▶ [WHAT YOU NEED TO DO]: A verbatim copy is needed of the lines below from the one containing "Decoratieve jalouzie" up to and including the one containing "Bao da Samsung", excluding pictures.
━━ DATA SHOWN ━━
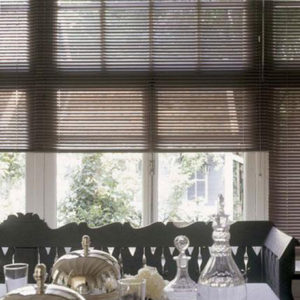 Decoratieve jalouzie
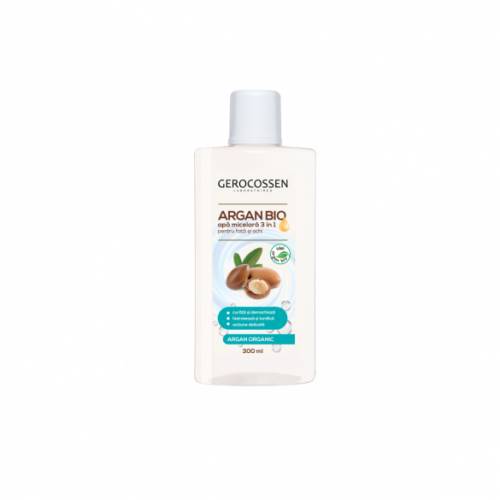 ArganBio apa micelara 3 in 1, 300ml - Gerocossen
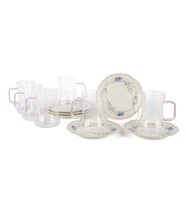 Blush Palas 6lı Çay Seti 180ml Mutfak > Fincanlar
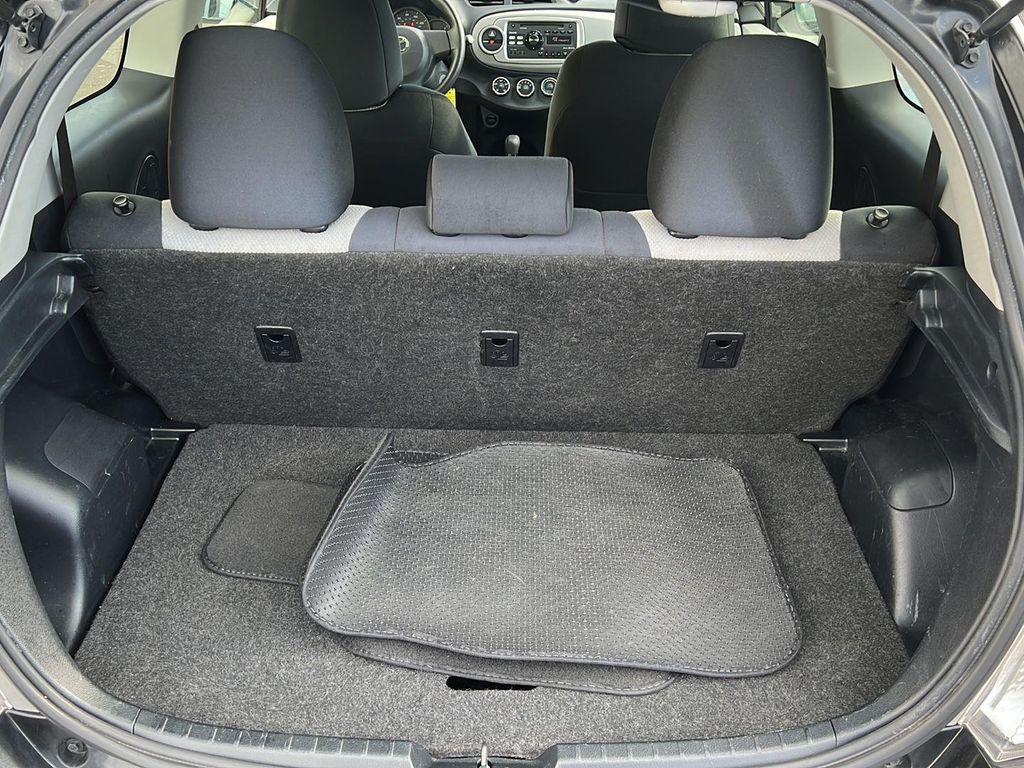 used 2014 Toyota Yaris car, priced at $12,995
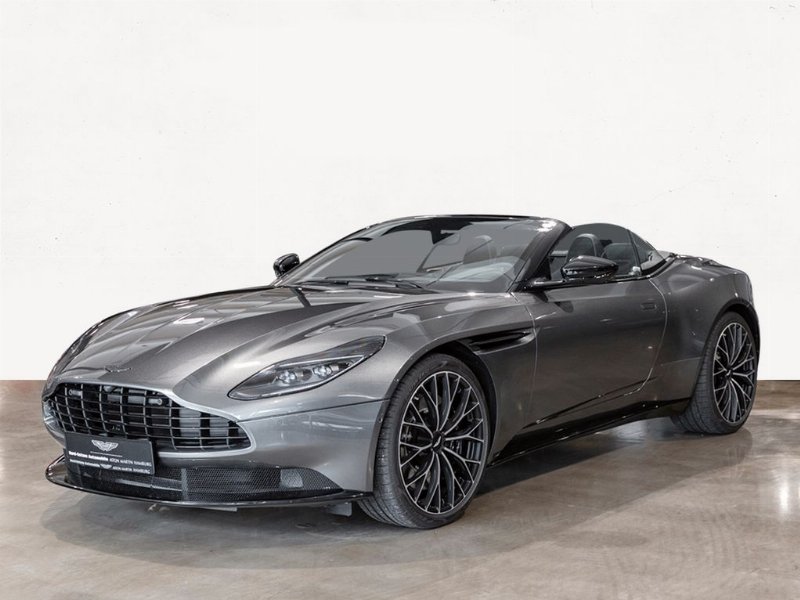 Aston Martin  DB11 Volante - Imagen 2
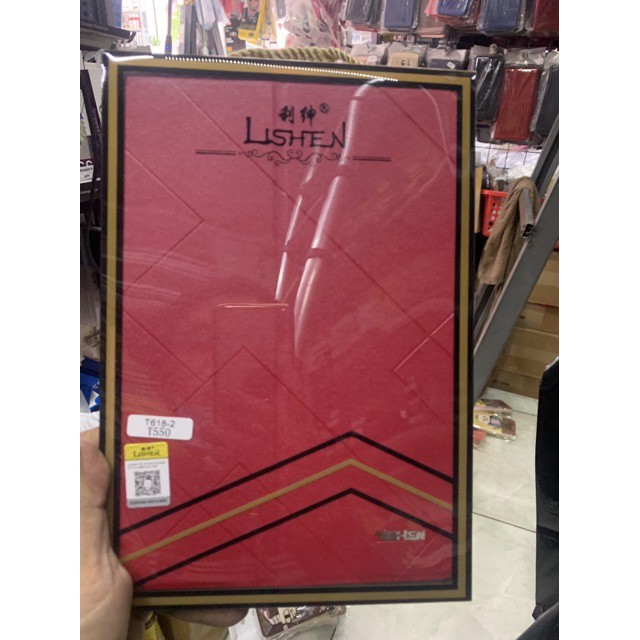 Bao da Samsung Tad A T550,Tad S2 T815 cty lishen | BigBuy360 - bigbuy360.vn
━━━
━━ DATA SHOWN ━━
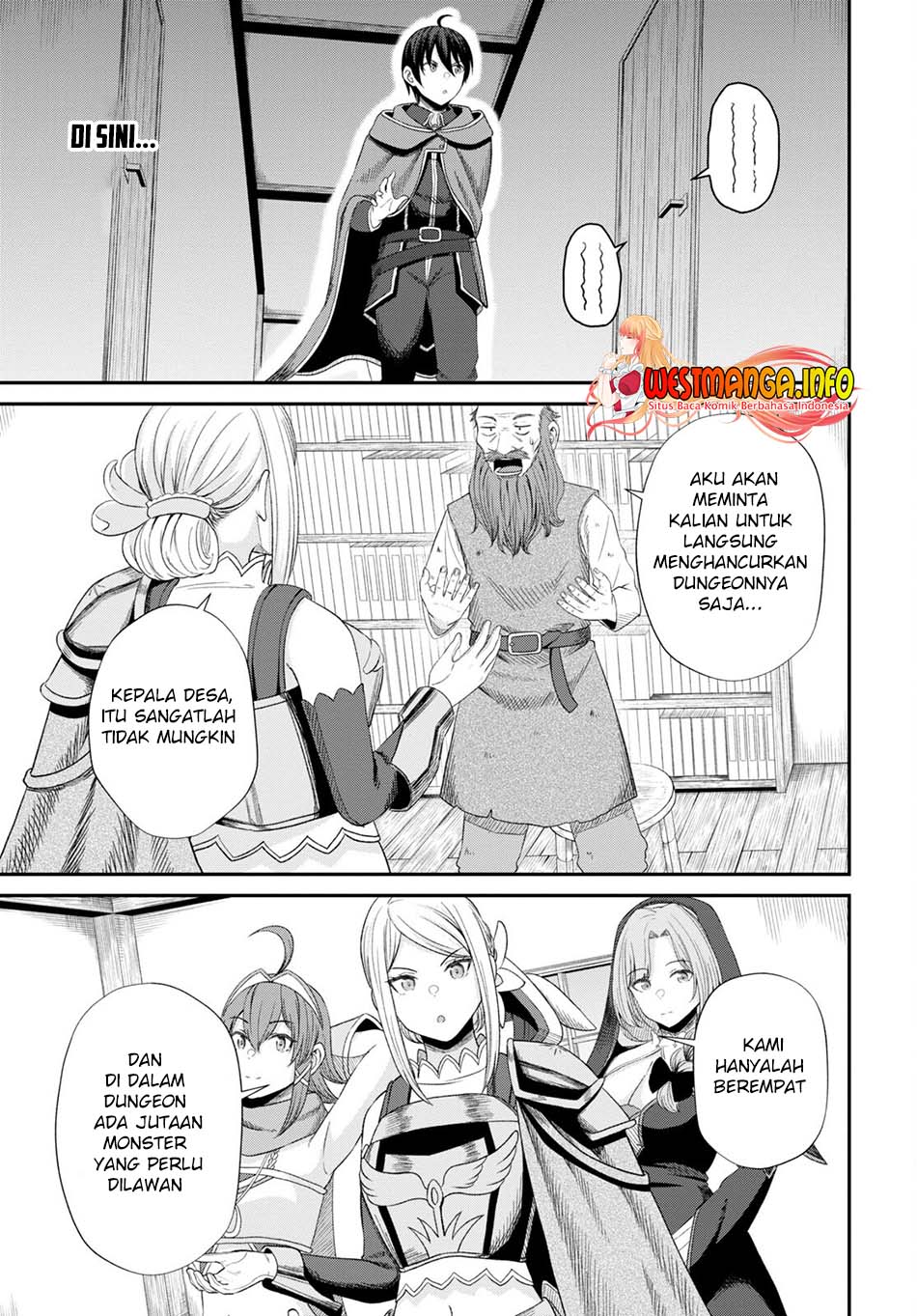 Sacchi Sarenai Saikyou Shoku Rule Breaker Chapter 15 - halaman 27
━━━
━━ DATA SHOWN ━━
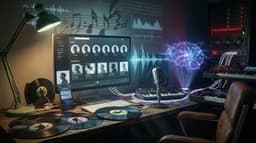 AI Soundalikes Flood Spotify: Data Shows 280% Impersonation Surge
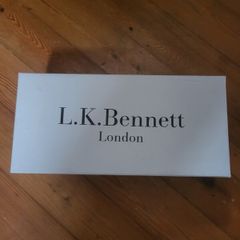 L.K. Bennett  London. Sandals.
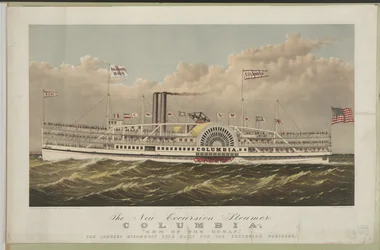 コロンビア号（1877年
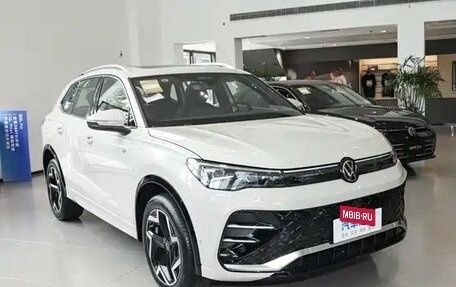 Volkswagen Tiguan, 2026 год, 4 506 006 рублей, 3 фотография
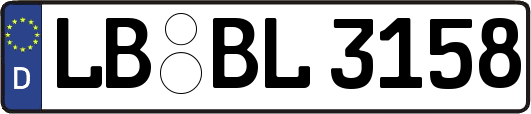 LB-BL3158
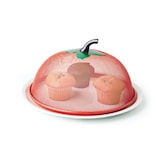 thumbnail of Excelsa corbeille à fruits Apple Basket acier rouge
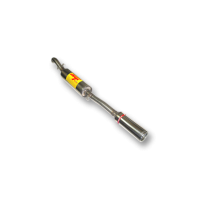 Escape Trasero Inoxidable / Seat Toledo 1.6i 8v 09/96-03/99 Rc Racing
━━━
▶ [OUTPUT OF THE EXERCISE]:
 Decoratieve jalouzie
 ArganBio apa micelara 3 in 1, 300ml - Gerocossen
 Blush Palas 6lı Çay Seti 180ml Mutfak > Fincanlar
 used 2014 Toyota Yaris car, priced at $12,995
 Aston Martin  DB11 Volante - Imagen 2
 Bao da Samsung Tad A T550,Tad S2 T815 cty lishen | BigBuy360 - bigbuy360.vn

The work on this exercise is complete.